Please contact Blizzard support. It appears to be their generic hardware error which could mean that your computer is overheating; you have an insufficient power source, or even video card. If it happens after say, an hour or two of gameplay, it may be a heat problem.

You can blast out your fans with a dust cleaner (can of air) or you could even go as far as to upgrade your fans.

Sometimes, as little as reapplying the heatsync compound can solve heat problems for you.

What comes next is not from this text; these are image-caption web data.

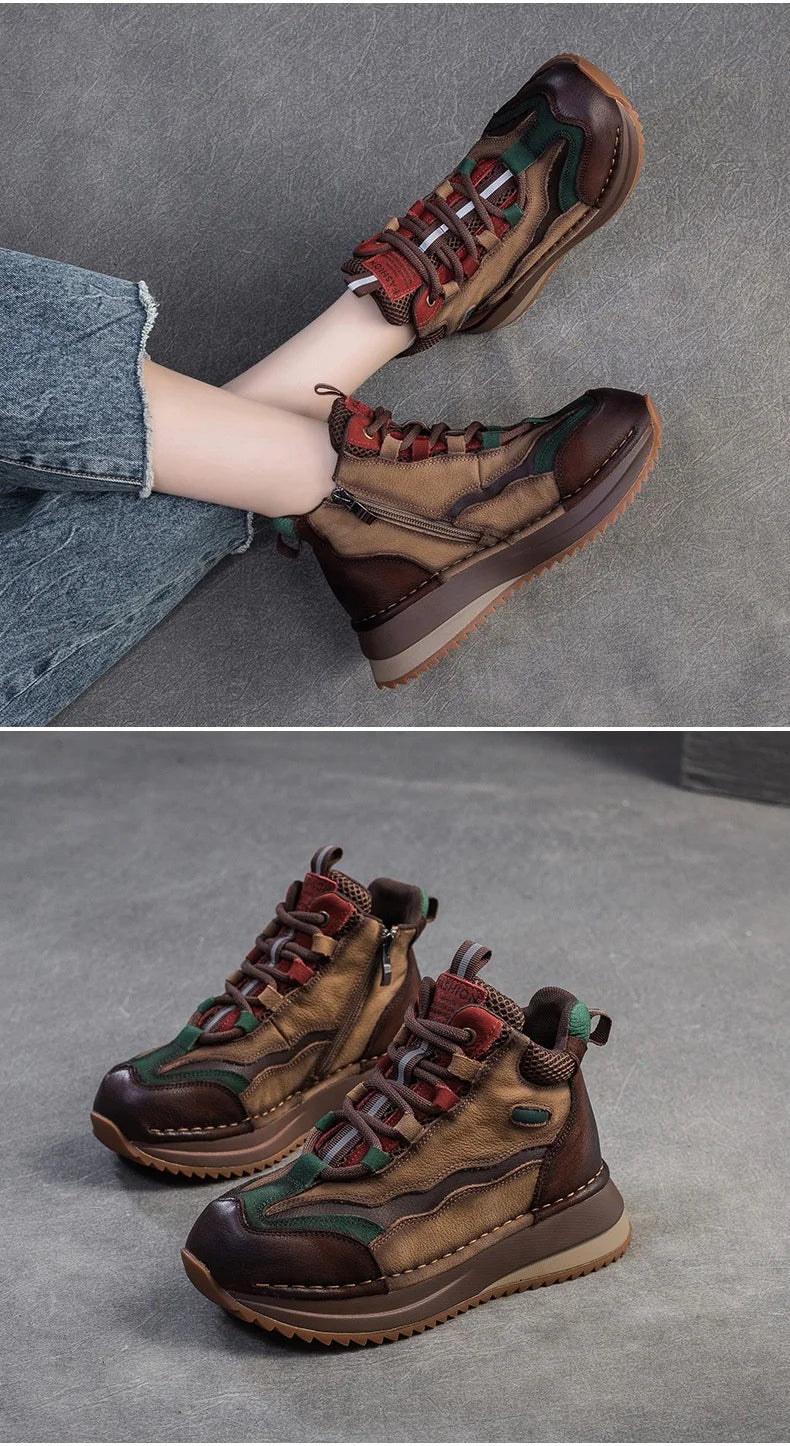 DRKANOL 2026 Women Boots Autumn Winter Mixed Colors Genuine Cow Leather Warm Ankle Boots Ladies High Top Casual Sneakers Shoes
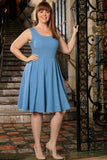 Blue Stretchy Sleeveless Summer Skater Midi Dress - Women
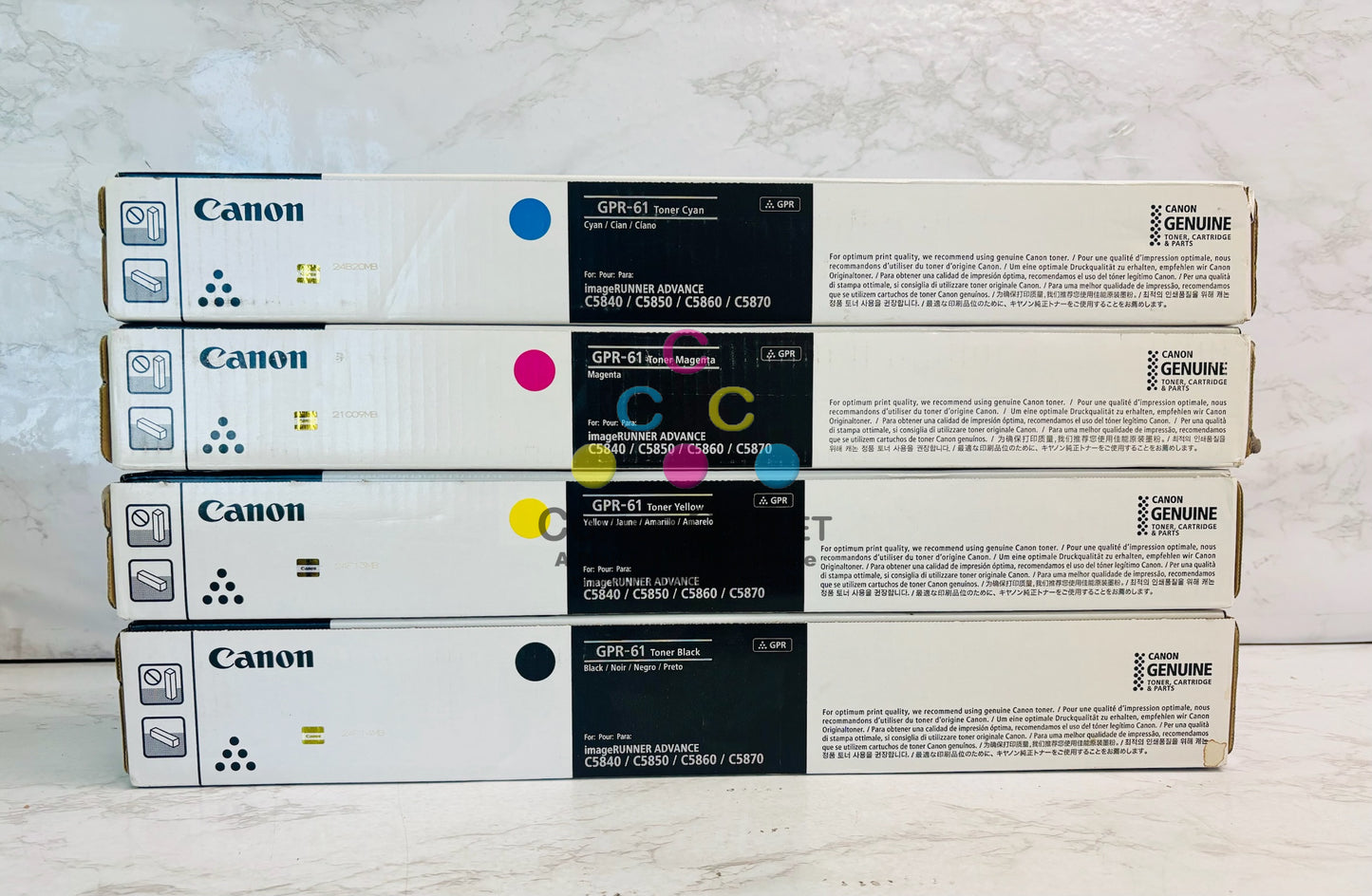 4 Genuine Canon iR C5840,C5850 Cyan, Magenta, Yellow & Black High Yield Toner GPR-61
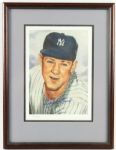 1980s Whitey Ford New York Yankees Signed 13" x 17" Framed Lithograph (JSA) 726/2000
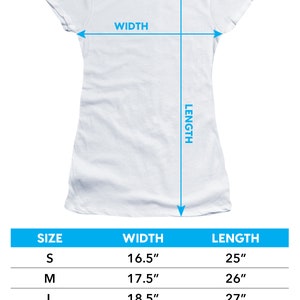 May include: A size chart for junior's cap-sleeve t-shirts. The chart shows the width and length measurements in inches for sizes S, M, L, XL, and 2XL.  Allow +/- 1/2 inch tolerance on all measurements.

EDIT: http://forums.worldofwarcraft.com/board.html?forumId=11110&sid=1

As you can see, many have problems with this game and there appear to be few solutions. I was trying to look for a FAQ for error #132 but at this time, I remain unsuccessful.

Good luck... :4-dontkno


----------



## McNinja (Jun 22, 2008)

I seem to be finding something about low quality ram that has to d owith error #132


----------



## crazydude991 (Dec 1, 2008)

So the video card its overheating and i need more ram???
If that its the problem i think i can resolve it but till i resolve it can i install this game with the following requirements:
PC System Requirements

OS: Windows XP (Service Pack 3), Windows Vista (Service Pack 1)

Processor:

Minimum: Intel Pentium 4 1.3 GHz or AMD Athlon XP 1500+

Recommended: Dual-core processor, such as the Intel Pentium D or AMD Athlon 64 X2

Memory:

Minimum: 512 MB RAM (1GB for Vista users)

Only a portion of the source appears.